— TASK GOAL —
Return, from the lines below, each one that includes the word "Yellow".
[GIVEN INFORMATION]
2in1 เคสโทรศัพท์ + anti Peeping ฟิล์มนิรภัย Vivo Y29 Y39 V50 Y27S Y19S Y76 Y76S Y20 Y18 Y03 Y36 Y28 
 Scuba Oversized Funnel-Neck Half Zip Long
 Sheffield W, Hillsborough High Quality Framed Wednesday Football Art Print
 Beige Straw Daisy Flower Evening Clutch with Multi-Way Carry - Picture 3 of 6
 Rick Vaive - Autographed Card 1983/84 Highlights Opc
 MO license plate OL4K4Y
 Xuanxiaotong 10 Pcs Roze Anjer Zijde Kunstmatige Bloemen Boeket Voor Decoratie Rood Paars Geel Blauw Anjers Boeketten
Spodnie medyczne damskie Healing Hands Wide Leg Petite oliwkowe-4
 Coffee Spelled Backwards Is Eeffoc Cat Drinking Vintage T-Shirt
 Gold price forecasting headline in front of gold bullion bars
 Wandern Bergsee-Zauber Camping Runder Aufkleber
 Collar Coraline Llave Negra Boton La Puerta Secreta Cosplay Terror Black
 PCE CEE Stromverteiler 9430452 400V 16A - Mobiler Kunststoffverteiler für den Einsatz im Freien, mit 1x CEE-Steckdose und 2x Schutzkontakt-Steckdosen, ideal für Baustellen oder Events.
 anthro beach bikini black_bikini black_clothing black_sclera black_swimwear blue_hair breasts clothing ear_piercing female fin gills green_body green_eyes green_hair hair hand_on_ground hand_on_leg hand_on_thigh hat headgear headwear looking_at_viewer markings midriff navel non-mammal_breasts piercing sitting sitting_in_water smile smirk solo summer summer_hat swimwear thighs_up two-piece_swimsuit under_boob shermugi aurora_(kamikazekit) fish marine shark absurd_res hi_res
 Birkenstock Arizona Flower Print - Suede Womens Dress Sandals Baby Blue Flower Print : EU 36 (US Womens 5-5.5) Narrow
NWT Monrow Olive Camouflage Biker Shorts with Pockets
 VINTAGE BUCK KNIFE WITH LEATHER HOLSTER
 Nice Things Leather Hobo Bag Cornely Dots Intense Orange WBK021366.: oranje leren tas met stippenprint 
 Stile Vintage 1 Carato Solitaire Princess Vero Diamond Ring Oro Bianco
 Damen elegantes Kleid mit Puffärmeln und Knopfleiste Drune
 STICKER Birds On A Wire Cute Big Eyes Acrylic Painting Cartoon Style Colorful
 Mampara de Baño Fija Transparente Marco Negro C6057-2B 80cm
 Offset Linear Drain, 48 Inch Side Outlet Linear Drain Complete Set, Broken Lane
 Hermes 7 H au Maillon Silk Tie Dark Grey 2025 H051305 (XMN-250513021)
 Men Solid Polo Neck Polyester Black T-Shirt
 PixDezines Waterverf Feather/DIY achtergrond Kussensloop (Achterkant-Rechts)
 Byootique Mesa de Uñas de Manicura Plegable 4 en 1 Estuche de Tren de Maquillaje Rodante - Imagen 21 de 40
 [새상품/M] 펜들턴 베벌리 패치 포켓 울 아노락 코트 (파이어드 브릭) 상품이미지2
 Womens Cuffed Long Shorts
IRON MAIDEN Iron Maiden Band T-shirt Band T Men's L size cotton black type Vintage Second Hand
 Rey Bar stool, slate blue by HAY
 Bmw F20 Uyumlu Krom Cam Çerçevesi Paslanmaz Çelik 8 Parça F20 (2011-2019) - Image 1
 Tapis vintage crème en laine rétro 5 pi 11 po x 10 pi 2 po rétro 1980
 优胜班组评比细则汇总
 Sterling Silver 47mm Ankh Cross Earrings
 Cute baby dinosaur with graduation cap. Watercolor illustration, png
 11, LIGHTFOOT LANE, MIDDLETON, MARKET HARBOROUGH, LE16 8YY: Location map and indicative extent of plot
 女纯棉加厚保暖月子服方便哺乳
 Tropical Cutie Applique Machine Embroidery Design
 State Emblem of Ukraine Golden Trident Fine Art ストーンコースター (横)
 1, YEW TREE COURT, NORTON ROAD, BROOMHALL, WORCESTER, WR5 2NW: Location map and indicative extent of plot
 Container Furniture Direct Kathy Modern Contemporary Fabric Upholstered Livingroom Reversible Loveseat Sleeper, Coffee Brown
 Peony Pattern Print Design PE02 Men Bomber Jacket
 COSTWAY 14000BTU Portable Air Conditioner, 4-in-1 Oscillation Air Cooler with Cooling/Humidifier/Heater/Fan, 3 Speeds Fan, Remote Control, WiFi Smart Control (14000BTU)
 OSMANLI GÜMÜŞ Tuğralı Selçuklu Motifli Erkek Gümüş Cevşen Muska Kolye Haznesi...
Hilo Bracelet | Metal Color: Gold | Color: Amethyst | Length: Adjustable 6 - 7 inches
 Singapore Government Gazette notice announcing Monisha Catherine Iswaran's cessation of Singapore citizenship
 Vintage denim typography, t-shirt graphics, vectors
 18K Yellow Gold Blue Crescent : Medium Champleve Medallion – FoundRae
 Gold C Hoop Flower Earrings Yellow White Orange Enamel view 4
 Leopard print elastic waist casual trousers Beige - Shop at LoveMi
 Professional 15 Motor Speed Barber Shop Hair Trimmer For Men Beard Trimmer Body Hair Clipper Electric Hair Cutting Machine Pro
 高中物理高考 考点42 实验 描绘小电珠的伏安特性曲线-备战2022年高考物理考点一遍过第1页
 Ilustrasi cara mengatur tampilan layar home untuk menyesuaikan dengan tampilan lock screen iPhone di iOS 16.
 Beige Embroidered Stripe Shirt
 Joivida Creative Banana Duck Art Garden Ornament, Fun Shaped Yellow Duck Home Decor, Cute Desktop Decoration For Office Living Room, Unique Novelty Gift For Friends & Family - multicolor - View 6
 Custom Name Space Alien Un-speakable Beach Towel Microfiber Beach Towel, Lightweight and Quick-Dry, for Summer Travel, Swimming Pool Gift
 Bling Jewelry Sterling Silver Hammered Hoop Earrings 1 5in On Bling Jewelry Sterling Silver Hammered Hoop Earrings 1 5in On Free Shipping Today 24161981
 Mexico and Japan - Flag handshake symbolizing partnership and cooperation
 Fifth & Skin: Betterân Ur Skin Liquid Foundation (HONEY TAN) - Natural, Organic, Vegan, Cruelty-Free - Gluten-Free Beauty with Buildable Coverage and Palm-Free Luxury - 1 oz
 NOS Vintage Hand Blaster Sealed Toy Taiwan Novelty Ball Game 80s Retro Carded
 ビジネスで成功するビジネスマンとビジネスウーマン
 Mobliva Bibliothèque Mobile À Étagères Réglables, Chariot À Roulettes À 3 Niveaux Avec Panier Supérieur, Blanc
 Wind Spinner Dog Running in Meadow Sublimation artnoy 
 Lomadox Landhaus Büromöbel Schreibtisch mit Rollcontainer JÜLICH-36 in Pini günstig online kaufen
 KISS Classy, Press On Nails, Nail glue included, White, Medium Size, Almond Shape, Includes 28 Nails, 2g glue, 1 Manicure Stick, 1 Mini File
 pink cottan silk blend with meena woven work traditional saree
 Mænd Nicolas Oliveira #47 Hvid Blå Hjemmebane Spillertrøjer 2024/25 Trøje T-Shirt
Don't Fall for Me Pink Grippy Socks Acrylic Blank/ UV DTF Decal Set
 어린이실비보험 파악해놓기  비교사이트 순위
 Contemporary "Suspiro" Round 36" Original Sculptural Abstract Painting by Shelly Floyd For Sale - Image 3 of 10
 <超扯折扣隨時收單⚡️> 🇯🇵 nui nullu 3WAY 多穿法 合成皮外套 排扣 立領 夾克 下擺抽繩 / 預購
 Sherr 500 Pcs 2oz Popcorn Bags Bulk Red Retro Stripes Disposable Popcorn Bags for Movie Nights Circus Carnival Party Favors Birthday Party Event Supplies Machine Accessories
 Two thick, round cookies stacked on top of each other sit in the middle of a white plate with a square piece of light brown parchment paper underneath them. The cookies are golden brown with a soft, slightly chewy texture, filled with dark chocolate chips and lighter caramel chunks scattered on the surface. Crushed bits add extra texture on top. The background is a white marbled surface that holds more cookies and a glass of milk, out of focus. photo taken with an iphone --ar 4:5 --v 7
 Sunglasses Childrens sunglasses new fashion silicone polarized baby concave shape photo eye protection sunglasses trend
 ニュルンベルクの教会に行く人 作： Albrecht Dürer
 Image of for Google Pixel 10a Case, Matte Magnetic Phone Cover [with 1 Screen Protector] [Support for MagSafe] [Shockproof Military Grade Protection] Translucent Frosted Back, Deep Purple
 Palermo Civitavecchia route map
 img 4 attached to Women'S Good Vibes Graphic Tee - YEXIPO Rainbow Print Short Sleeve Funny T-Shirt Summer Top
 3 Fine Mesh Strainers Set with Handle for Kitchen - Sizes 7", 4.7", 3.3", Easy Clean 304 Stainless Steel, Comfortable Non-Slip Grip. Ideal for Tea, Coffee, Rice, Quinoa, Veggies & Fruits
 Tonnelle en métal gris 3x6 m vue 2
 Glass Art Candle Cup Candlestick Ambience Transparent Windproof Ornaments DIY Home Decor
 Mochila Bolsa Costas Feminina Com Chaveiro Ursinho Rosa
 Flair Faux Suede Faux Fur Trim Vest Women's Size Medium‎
[/GIVEN INFORMATION]
— RESPONSE TO THE TASK —
 18K Yellow Gold Blue Crescent : Medium Champleve Medallion – FoundRae
 Gold C Hoop Flower Earrings Yellow White Orange Enamel view 4
 Joivida Creative Banana Duck Art Garden Ornament, Fun Shaped Yellow Duck Home Decor, Cute Desktop Decoration For Office Living Room, Unique Novelty Gift For Friends & Family - multicolor - View 6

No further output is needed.